There are actually several different ‘network effect’ benefits in this scenario. The first is the concept of having the right data / the latest accurate information from a reliable source of authority available in the context of the workflow. This is a powerful capability because we’re talking about continuously updated, massively aggregated data sets that are then transparently and securely integrated into your employees day-to-day decision making processes about new products, supply chain, customer requirements and more. People have authoritative information instantly available in the context of their work. The more companies that are connected, the more economic incentive the data provider has to continually expand and update the data source.
The second ‘network effect’ concept associated with this type of connectivity is that of statistical sample size and predictive accuracy of the data set. For this one, let’s use an example. Take a specific microcontroller. Even at a company of Cisco’s scale the data set for Mean Time Between Failure (MTBF) is relatively small on any given chip. However, as the MTBF data are aggregated across many different high tech companies and numerous product lines the sample size becomes statistically significant and one has greater confidence about reliability, quality, field failures, etc. This in turn drives better business decisions about expected warranty costs, return policies and other important considerations that will effect overall profitability.
What we see is that we’re very quickly heading toward better more secure Connectivity between systems and data - wherever they exist: in the cloud, behind the firewall - to help people work in new ways.

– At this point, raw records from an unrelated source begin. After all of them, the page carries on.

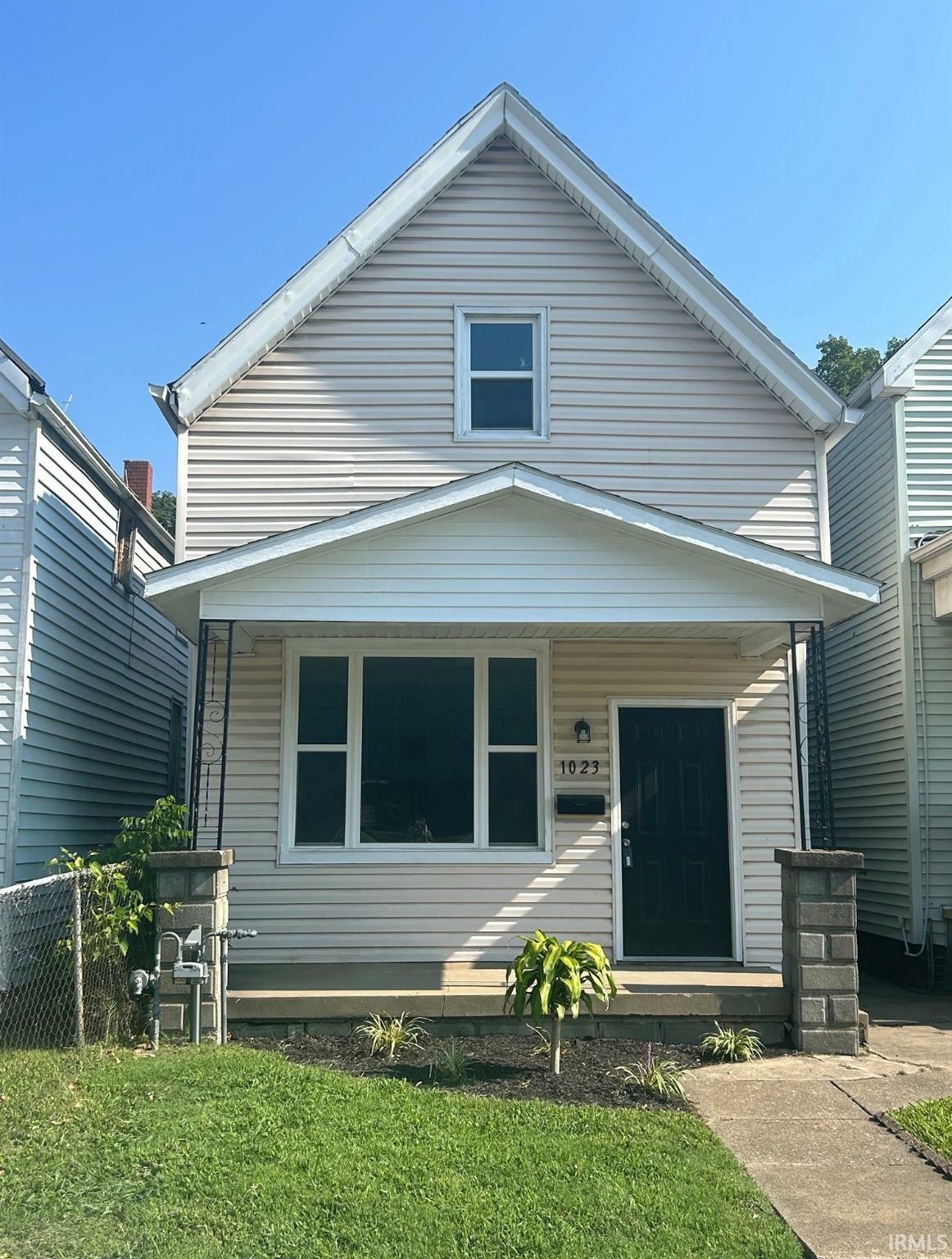 Property Photo: 1023 W Franklin Street IN 47710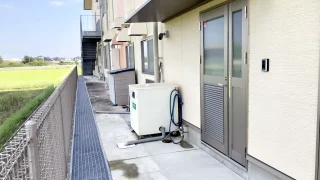 神戸保育園様へ新たに導入された、業務用生ごみ処理機ゴミサー GH-20型の設置現場。堆肥取り出しや水分調整が一切不要な「水化・消滅方式」により、日々の運用負担を劇的に改善しました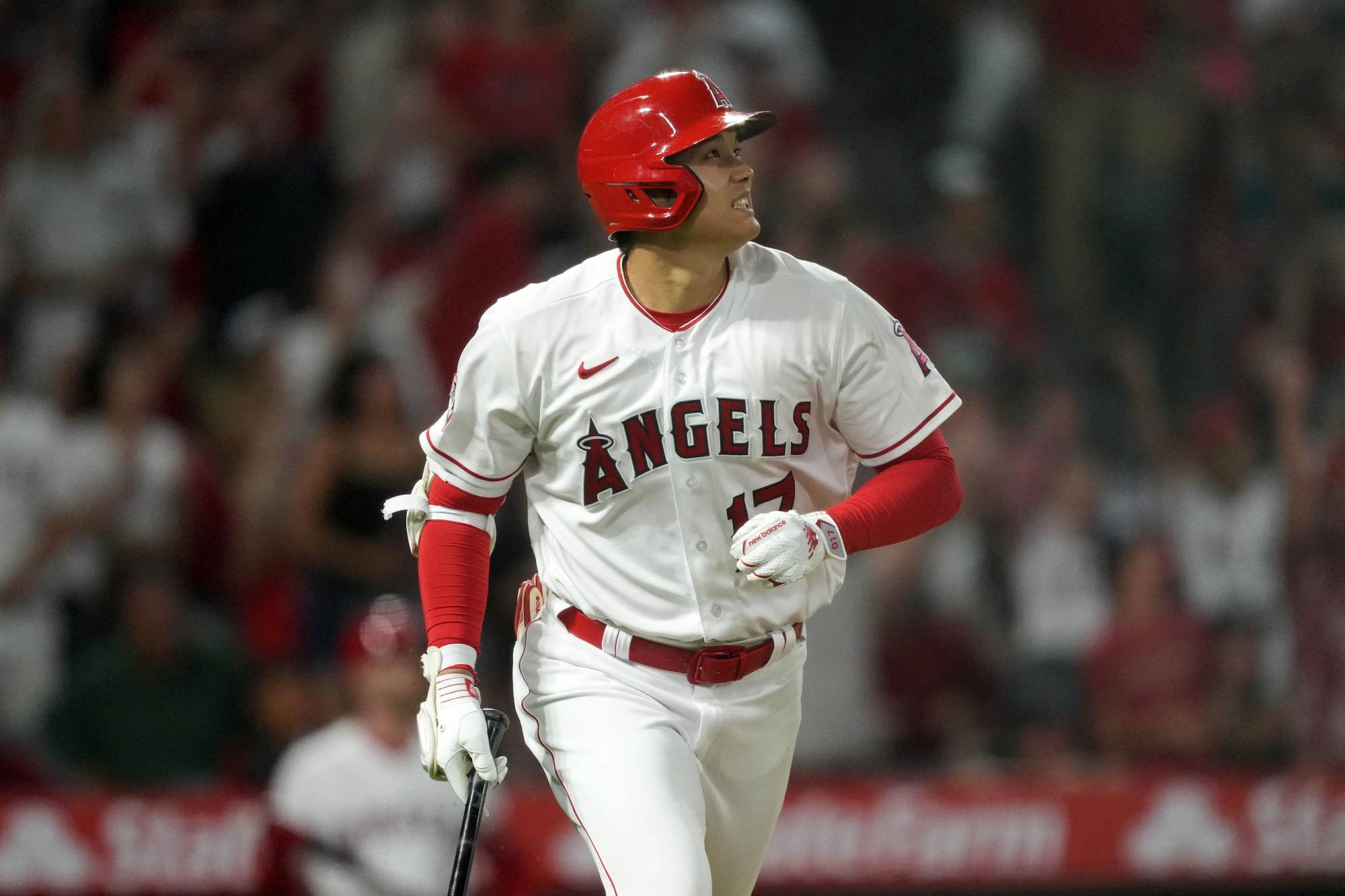 Shohei Ohtani hits 33rd homer as Angels end 6-game skid with wild win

The type of connectivity that is transparent to end users. The type of connectivity that compresses business processes, that collapses the need for whole departments, that gets rid of ‘non-value add’ activities (in Lean-speak) and enables people to draw on information and resources that were previously out of reach. The type of connectivity that creates ‘network effect’ and is truly transformational to your business.
When you start to see this Connected / Networked future, you begin to ask different questions. Why should your company even try to maintain a comprehensive database of standard electronic components? Why should you take on the associated headcount, cost, effort, time? What competitive advantage does it provide? Why aren’t your company’s systems securely connected to an aggregated data source of components in the cloud? Why don’t your systems wrap corporate metadata around it transparently? How come this data isn’t available to your engineers in the context of their new product designs? Specs, reliability, prices, availability, lead times? Why don’t your engineers have immediate visibility into the next generation chips being developed as well?
If you answer the questions in this example and then begin to expand the concept to other areas of the business like compliance data, simulation services, supplier performance and on into the full range of BPO services like product engineering and more, you quickly see the network effect expand exponentially.
What would it mean if your people had this type of information integrated into their workflow? Greater efficiencies, productivity? What about innovation, speed, agility? What about your ability to compete?
We believe that this is the type of seamless connectivity is game changing. That the network effect is real from the Connected Cloud and that the concept of the “networked business” is where we’re headed as we all talk about the Cloud. That 1 + 1 = 3.
What’s your take? Will we remain forever tethered to yesterday’s ideas about what enterprise systems can and should do for us? Or are we destined to connect to the cloud?